Just as St. Augustine officials struggle to define artisans from junk-a-thons in the Plaza, the definition of art is being argued at the federal level as well. An iconic photograph of President Obama in graphic reduction—his head recast in gray, black, white, and red—has become a visual debate between the Associated Press, who took the original photo, and the artist who re-rendered the image and sold “Hope” posters to the election campaign.
In the beginning, art was not sterilized into galleries, each piece to be viewed individually with little physical context. In the beginning, art was literally a written language, pictographs played out in Egyptian hieroglyphics and other visual communication systems. The question in this debate is to whether the “Hope” poster is significantly transformative from the photograph.
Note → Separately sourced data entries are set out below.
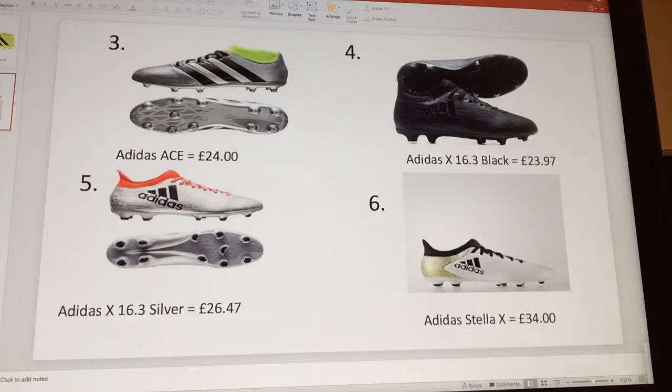This last one is a bit more money, but normally if you were looking around for these Adidas Stellar X's, you'd be looking at around 50 to 60 pounds. But I managed to find a pair for 34 pounds — I'll put the link in the comment section below. Still, all of these are amazing boots for amazing prices.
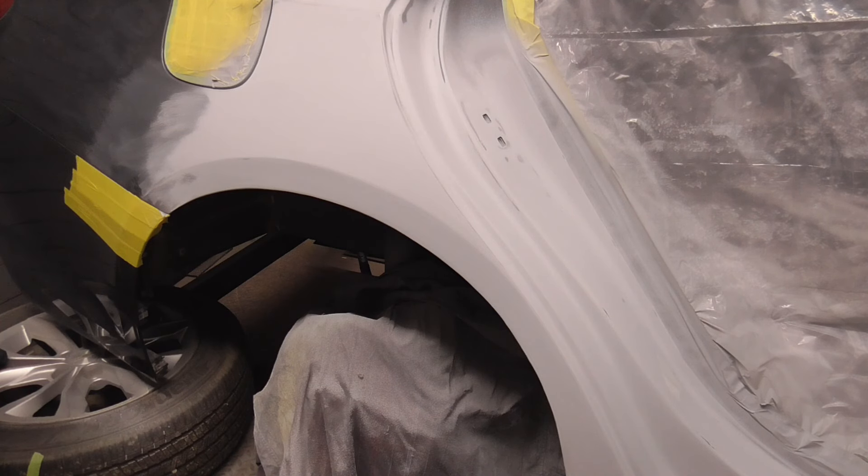I hope you enjoyed this brief video on getting body lines straight with the use of masking tape. If you did and you'd like to get my latest videos, don't forget to hit the subscribe button.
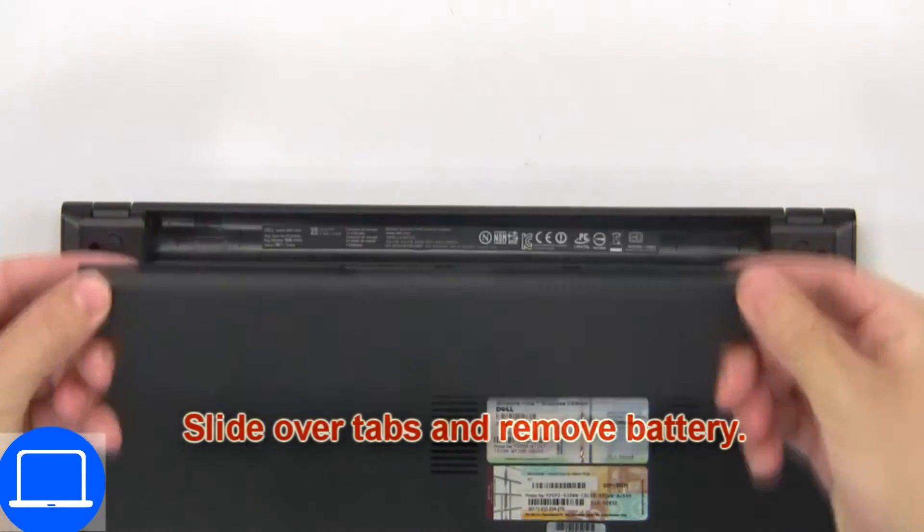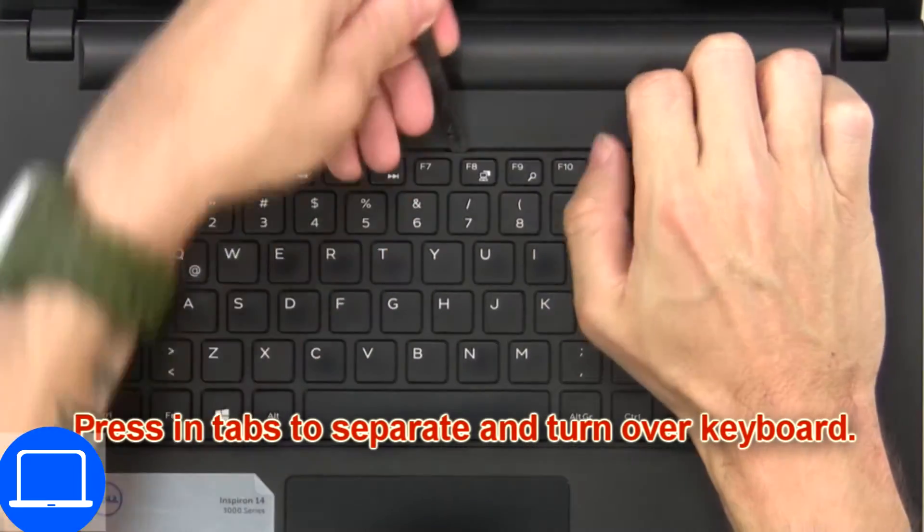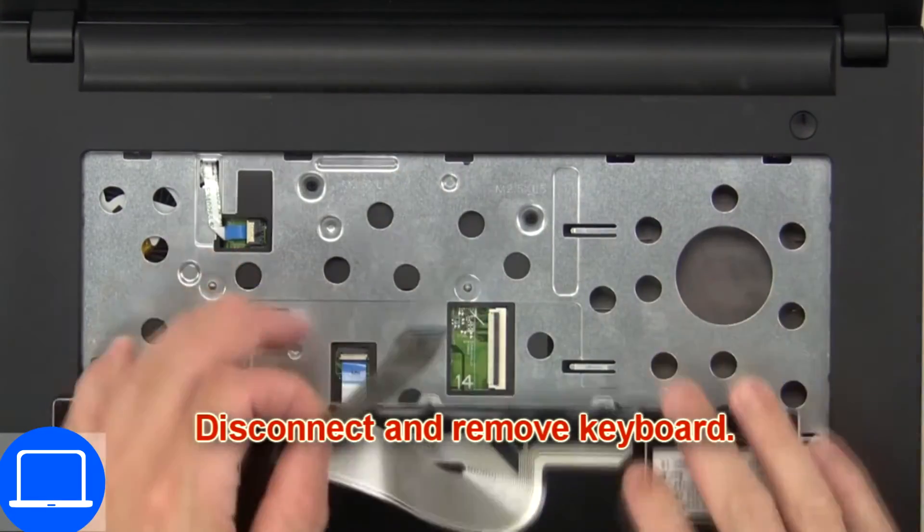First, slide over tabs and remove battery. Now press in tabs to separate and turn over keyboard. Then disconnect and remove keyboard.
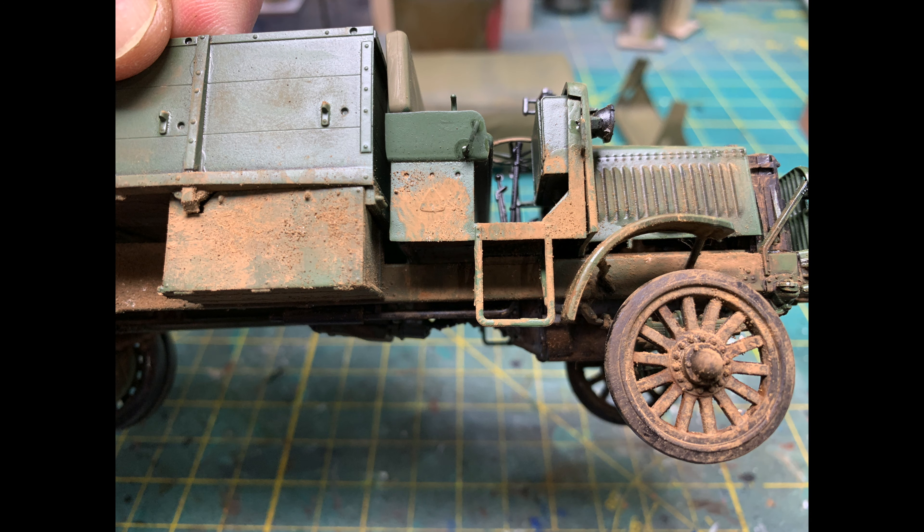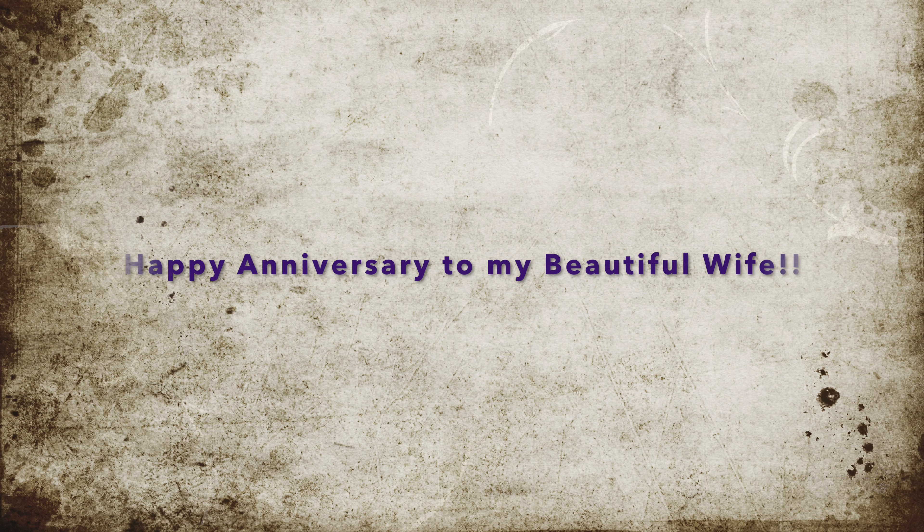I started to work on the weathering for the ICM Standard B Liberty truck, and you'll notice that everything is now together. I did have a few other issues with it but we'll kind of go over that a little bit later. I started with the underside for the weathering. I think it's starting to look like it's been through a war. Turn this around.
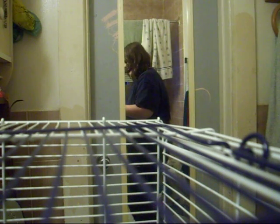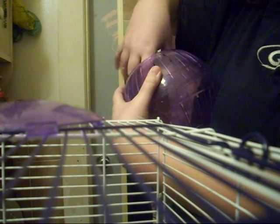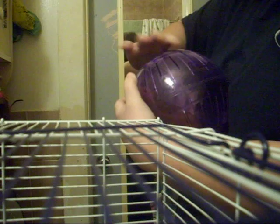First, you're going to want to take your hamster out. We're going to put her in her ball so she's already away, and then you can just place her on the floor while you are busy cleaning her cage.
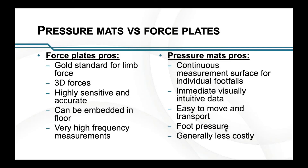To do a comparison, I thought I'd do a pros and cons comparison — the pros of force plates and the pros of pressure mats.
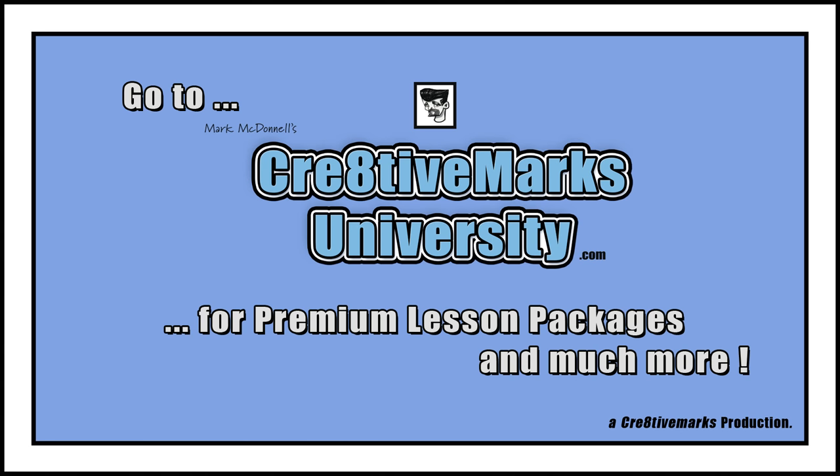Don't forget to subscribe and click like — we'd appreciate it. I would love to hear what you have to say in the comments, as it would help me create new videos for you guys to watch. Thanks again, and I'll see you soon.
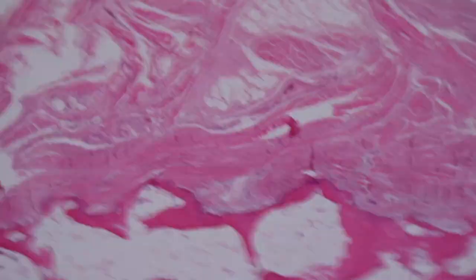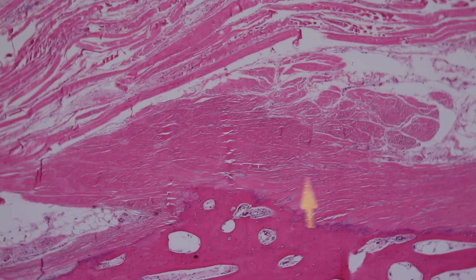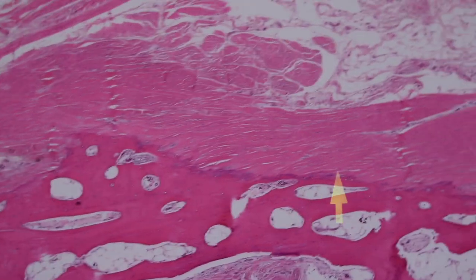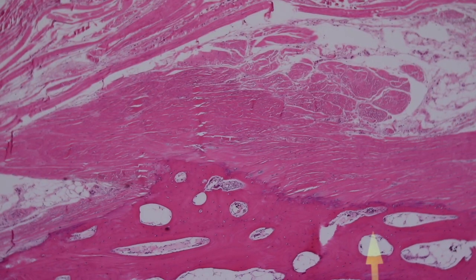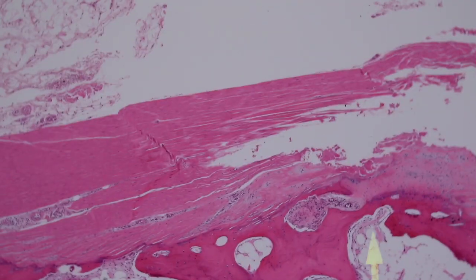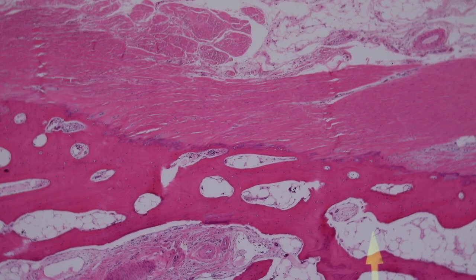Coming right off the bone here you can see this dense pink layer — dense regular connective tissue. I mentioned earlier that dense regular connective tissue is either fascia, tendon, or ligament. Here you can see this broad band connecting to the bone. If on the other side it hooks up to a muscle, then it would be a tendon; if it hooks up to a bone, it would be a ligament. Ligament, tendon, and fascia look very similar at high power — it's really the context that lets you tell them apart. This is probably a tendon connecting to one of the muscles that allows you to flex or extend your fingers.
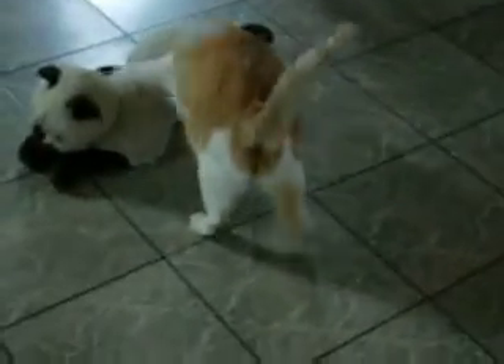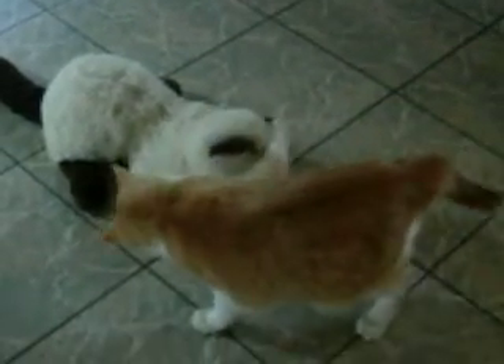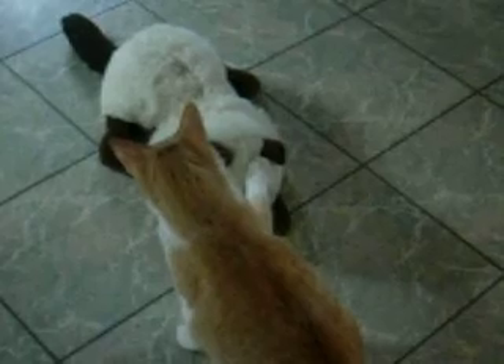A Worcestershire sauce. Now, here goes our apple crown. And I like to buy frozen honey because they're already pre-shredded. And then let all of this just sauté and simmer together.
The hand-held camera has enjoyed a hundred years of amateur history in America, and now almost anybody with a cell phone can capture an image instantly, and just about as quickly broadcast it to the world. Not everyone runs around with a copyright tag hanging off every picture the way the Associated Press does, but we’re not professional photographers. It doesn’t take much training to use a cell phone.
If a horse can hold one or two riders, then a wagon certainly adds value to the horse in its passenger capacity, but in this case, it could be the surrey with the infringement on top.
If a picture says a
thousand words, why do we spend so much time typing?